Material to process:

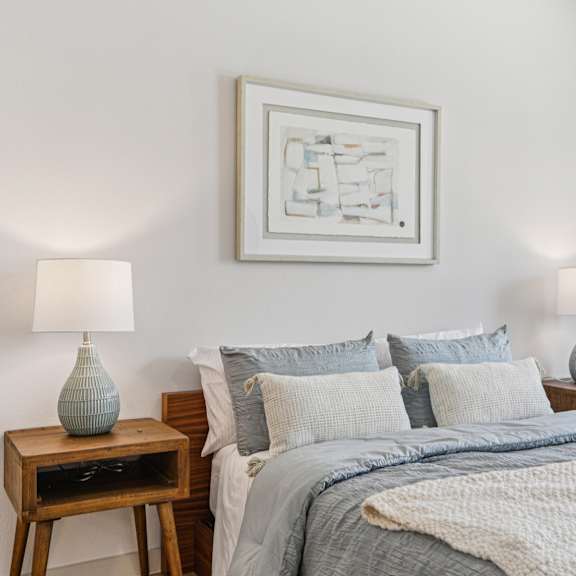 Thumbnail 18 of 37 A bedroom with a bed, two lamps, and a painting on the wall at ThreeTwenty at the Vybe Apartments, Kyle, TX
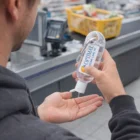 Applying Alia Carabiner Hand Sanitiser at checkout with a shopping basket behind.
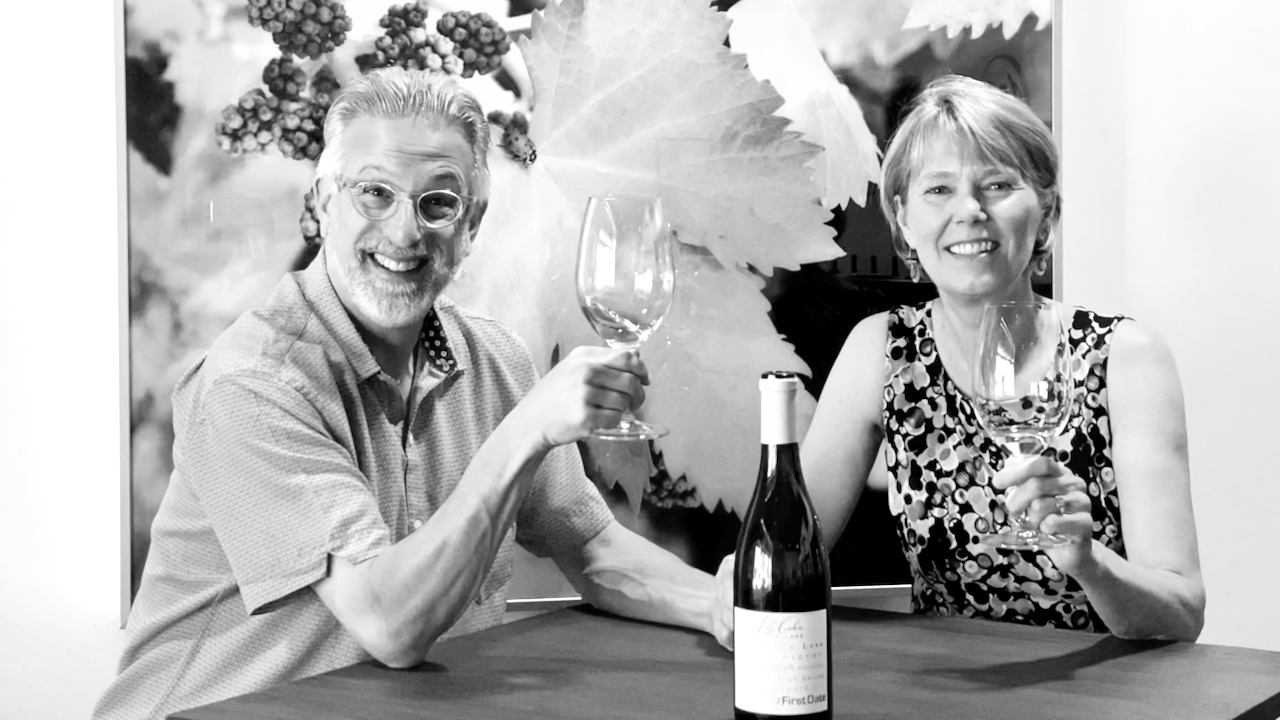 jeff and alexandra cohn smiling and holding their glasses up to cheers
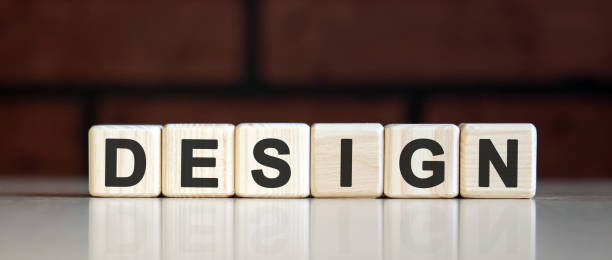 istock DESIGN - art concept on on a dark brick background. Wooden cubes with text 1217035385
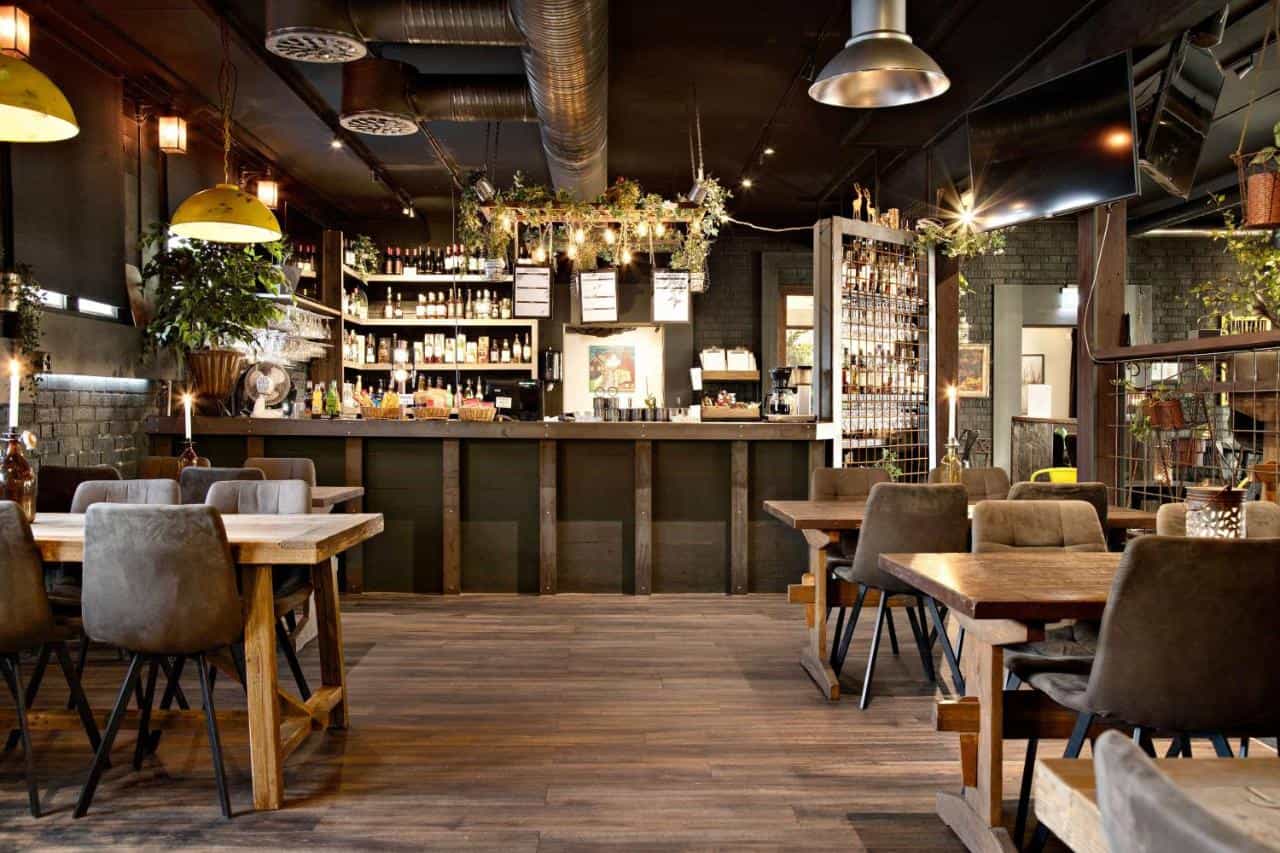 Interior of a dimly lit bar or restaurant with wooden tables, gray chairs, and a well-stocked bar area.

Directions for this task:
Return the material from the line containing "Applying Alia Carabiner" through the line containing "istock DESIGN - art", exactly and in full, but without its pictures.

Exercise result:
 Applying Alia Carabiner Hand Sanitiser at checkout with a shopping basket behind.
 jeff and alexandra cohn smiling and holding their glasses up to cheers
 istock DESIGN - art concept on on a dark brick background. Wooden cubes with text 1217035385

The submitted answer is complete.